Just months after first going through the doors of the one-stop employment center at 1301 Monroe St., Ms. Akins returned yesterday to help the agency celebrate one year of success stories. Now with a 14-month-old son, a factory job at Lake Erie Recycling, and the reliance on welfare in her past, Ms. Akins said she plans to continue making something of her life.
Officially opened June 17, 2004, the Source is a 29,000-square-foot office building that houses job training and placement programs offered through government and the business community as part of the county's Workforce Investment plan. Before coming together under one roof, all the services offered at the Source were spread out in different locations around the county.
Ms. Akins is one of the 2,072 people who are now working after being placed in jobs by the Source. Hundreds of the others have received assistance in the form of job training, college scholarship information, and a statewide database of available jobs.

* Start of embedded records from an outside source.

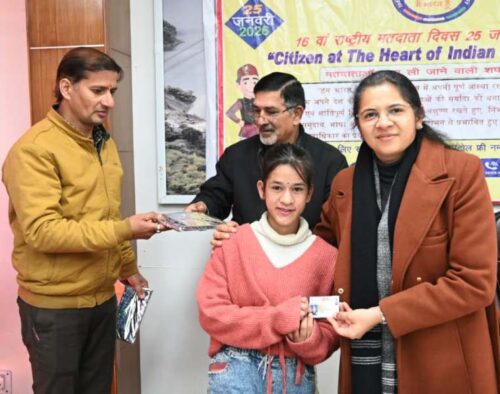 राष्ट्रीय मतदाता दिवस पर डीएम टिहरी ने दिलाई मतदान की शपथ, लोकतंत्र में सबकी भागीदारी का लिया संकल्प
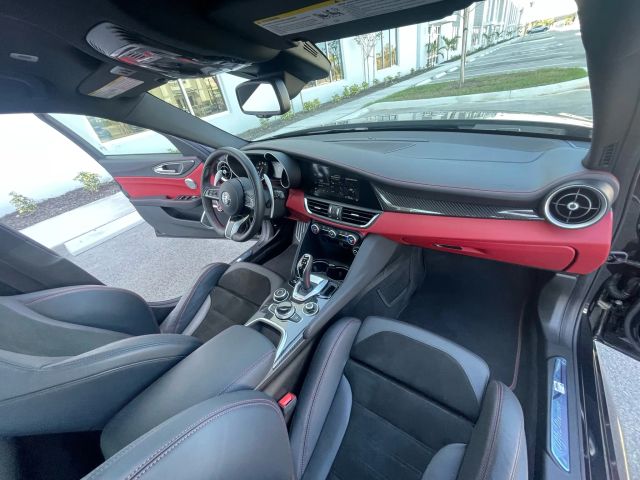 2021 Alfa Romeo Giulia - Image 107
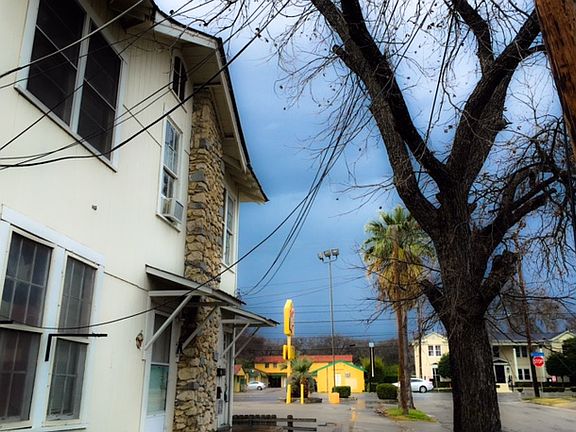 2nd image of 108 And 110 Ira Ave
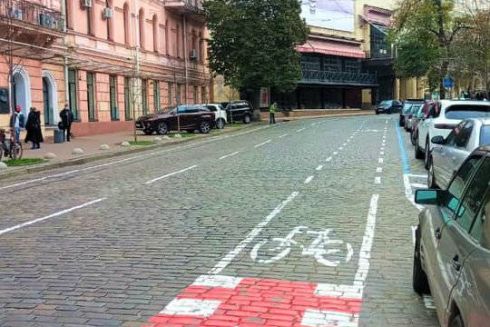В центре Киева обустроили новую велодорожку: фото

It was at the computers in the Source's resource room that Candace Watkins sat yesterday doing research. The 38-year-old single mother of two moved to Toledo last week after being laid off from her job in Detroit. She said she heard that the city offered opportunities and that the Source was the way to access them.
After spending several years doing different types of jobs - including bus driving and working at the city department of public utilities - Ms. Watkins said she's interested in pursuing a career in nursing. Now she just needs the training.
"I've done some networking on my own because I'm sure this is the path I want to go," Ms. Watkins said.
The Workforce Investment Act of 1998 was designed to train workers to meet the labor needs of employers. It helps people who are out of work find jobs and provides training for others who want to acquire new skills so they can change careers. The program also has a component to help teenagers train for employment.
In May, Lucas County had a 6.6 percent unemployment rate. That rate was 7.1 percent in Toledo.
About 18,000 people have gone through the doors at the Source in the last year, officials said. After registering, the job seekers are directed to whatever services they feel they need, said Craig Gebers, who oversees the operations of the One-Stop center at the Source.
Of those people, about 9 percent had college degrees, 19 percent have had some sort of college experience, and 51 percent had high school diplomas or GEDs. About 15 percent of all people who come for assistance have not completed their high school education.
Mr. Gebers said that although staff members help as much as they can to give job seekers the tools they need, ultimately, success is up to each individual.
"Some people may have to look at more intensive services. We're here to help people see there are other things they have to do," he said. "Some people respond. Some people don't."
Lucas County Commissioner Pete Gerken said $1.5 million in state money has been spent over the past year for job development in the county. And unlike in the past, none of that money was sent back to Columbus.
"This is a human celebration," he said. "The Source works."